Second, this process presumes that women are unaware of their partner’s history of and/or have not experienced any form of violence and abuse. For women who come to Australia having married their partner overseas or who meet and marry or plan to marry in Australia, there are many factors that impact a decision to remain in an abusive relationship and to continue to pursue a partner visa application despite abuse in the relationship.
In relation to migrant women in particular, there can be significant consequences – culturally, socially, financially, familial – for an accepted relationship breaking down. In recent research I was involved with in Victoria, a CALD family violence case worker explained that a client who had been married overseas did not want to report the offence or seek an IVO because she was afraid that this would mean she would have to leave Australia.
She told the case worker she would rather die here than experience the shame and abandonment that would await her in her home country. This attitude is not exceptional in CALD communities.
Third, it presumes that knowledge of a violent history empowers women. It is well known that knowing about violence and experiencing violence is not enough to enable women to be safer. We know that one of the leading risk factors for intimate partner killing is separation, which points to the need for intensive support rather than a refusal of the sponsorship application and then the provision of information that the sponsor has a history of abuse.
Finally, a significant concern is that this measure encourages women to remain silent. The message this sends to CALD women who are in situations of violence and whose migration status is tied to their abuser is to avoid interactions with the criminal justice system, as this may make any effort to access permanent status in Australia more difficult.

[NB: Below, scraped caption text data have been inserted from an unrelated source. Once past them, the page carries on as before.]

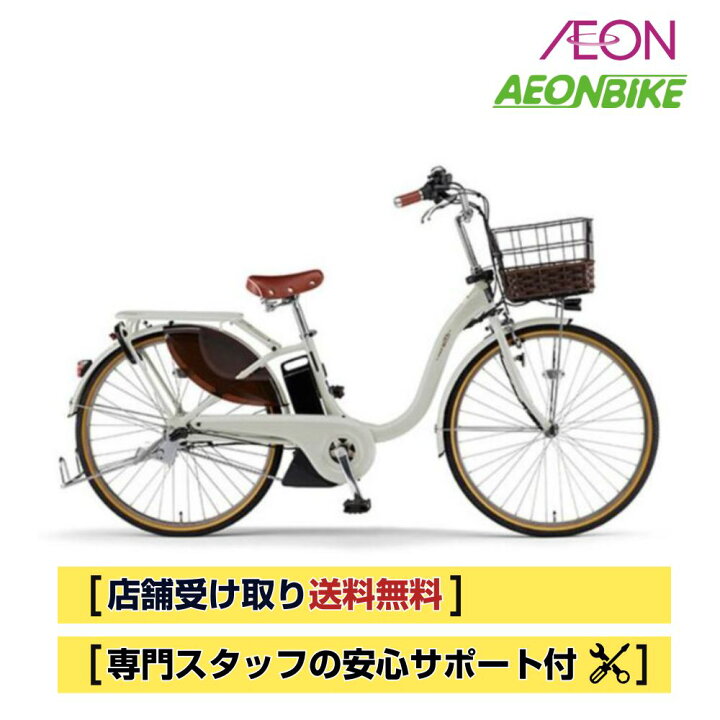 楽天市場】【4月14日〜17日限定！対象商品P5倍＋先着1,100円OFF 
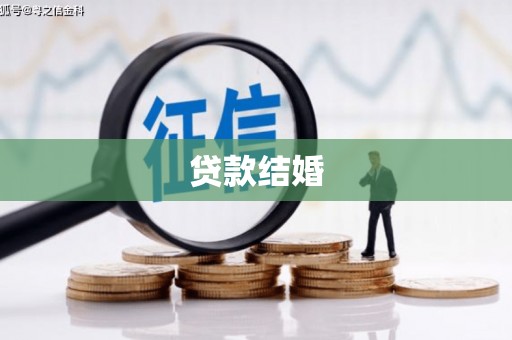 临朐贷款结婚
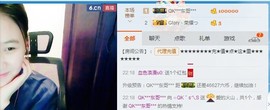 S乀恭喜无语升九主播照片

How could this be done better? In the submissions to the Inquiry there is a consistent call to follow the Australian Law Reform Commission’s 2011 recommendations.
After considering this approach to sponsor checks, the ALRC recommended instead to focus on better informing and supporting women.
Reading the response of the Committee to the submissions, I think it is also worth saying that listening to rather than just acknowledging, those who are working with women in situations of violence is essential.